It is important to note that a repetitive emphasis in adat narratives is on the status of tanah Banda, rather than the agency of the datu. Narratives stress the prominence of the islands in God’s view as giving rise to the siblings and their journey to Mecca. The actions of the siblings do not create the island’s prominence—they are vehicles for the operation of God’s intent. In this respect, the origin of the siblings is popularly linked to a miraculous emergence from a pomegranate fruit, through God’s will. In the 1924 text, this fruit emerged on the same tree encountered by Noah’s dove, later inhabited by Gabriel (Jibrail), the archangel Mohammed met in a cave while meditating and who carried the Qur’an for recitation. In the 1922 text, the pomegranate tree arose through the prayer of a holy woman who desired to eat that particular fruit, and as a result became pregnant. 9 Some informants even maintained that the Banda Islands were considered by God as the birthplace for the prophet Mohammed himself. As evidence, one adat specialist repeated part of a ritual verse that explicitly brings Banda into relation with Mecca: ‘the land of Mecca is heavy, the land of Banda is light; therefore the Prophet was born over there’(‘tanah Mecca berat, tanah Banda ringan; padahal Nabi melahirkan di sana’[Selamon]). He illustrated this using his hands to mimic a set of scales, tipping down in Meccas favour.

The datu and their immense religious knowledge in a sense personify the islands and ultimately remain attached to them. A widespread view suggested that keramat sites were not constructed by human effort but rather appeared miraculously on the death of the holy figure linked to the site. This would occur even if the datu died away from the islands: ‘in speaking of keramat, he dies in a different place, afterwards a keramat appears here by itself’(‘dikatakan keramat, dia mati di tempat lain, nanti keramat jadi di sini sendiri’[Lonthoir]). This emphasis on the mystical providence of keramat sites works against their representation as ‘shrines’, a term applied to similar sites elsewhere in the Muslim world. The expression tends to carry suggestions of a formally bounded or enclosed sacred precinct, relying overmuch on the salience of a profane-sacred opposition. Rather than marking a boundary separating the realms of the sacred and the profane, the Banda keramat bear witness to the generalised significance of the islands to Islam. Where humanly sponsored elements appear at Banda keramat such as tiles, concrete borders, roofs or fences, these were understood as respectful gifts or additions to the site, enhancing its visibility, not as somehow containing sacred substance. Neither were keramat used as repositories for relics or iconic symbols. Many Banda keramat are certainly isolated—located on promontories, cliff-sides and mountaintops relatively remote from homes or human activity. But others are situated within areas of settlement, or adjacent to gardens and well-used paths.

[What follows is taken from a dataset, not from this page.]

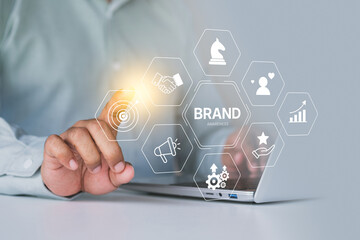 Brand awareness strategy concept, businessman planning digital brand awareness, communication, target, Marketing growth icons, customer loyalty, and partnership symbols for corporate branding success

Rather than enclosures, the keramat constitute foci for the potency that imbues the islands more generally. As obvious centres of this force, they attract human attention, but there is no local vision of a sacred precinct, absolutely demarcated or contained by physical boundaries of some form. Though the entire landscape could be regarded as sacred (tanah berkat), in a practical everyday sense some places will of necessity be more revered than others. As Hubert has suggested, ‘not every stone or plot of earth can be treated with the same degree of respect’(1994: 18). The keramat thus can be understood as complex ontological toponyms, specific places that act as potent signifiers of a larger whole. The key perspective in the islands is that adat is fundamentally emplaced: ‘it belongs to the earth/ground, not to people’ (‘tanah punya, bukan orang punya’[Lonthoir]). Linked to the keramat sites and essentially grounded in the islands, the datu spirits were unable to leave tanah Banda with the fleeing population after the Dutch conquest in 1621 but continued to exert a watchful presence and active influence over their original territory. The datu were not considered the ancestors or biological founders (i.e. apical ancestors) of existing populations in the islands.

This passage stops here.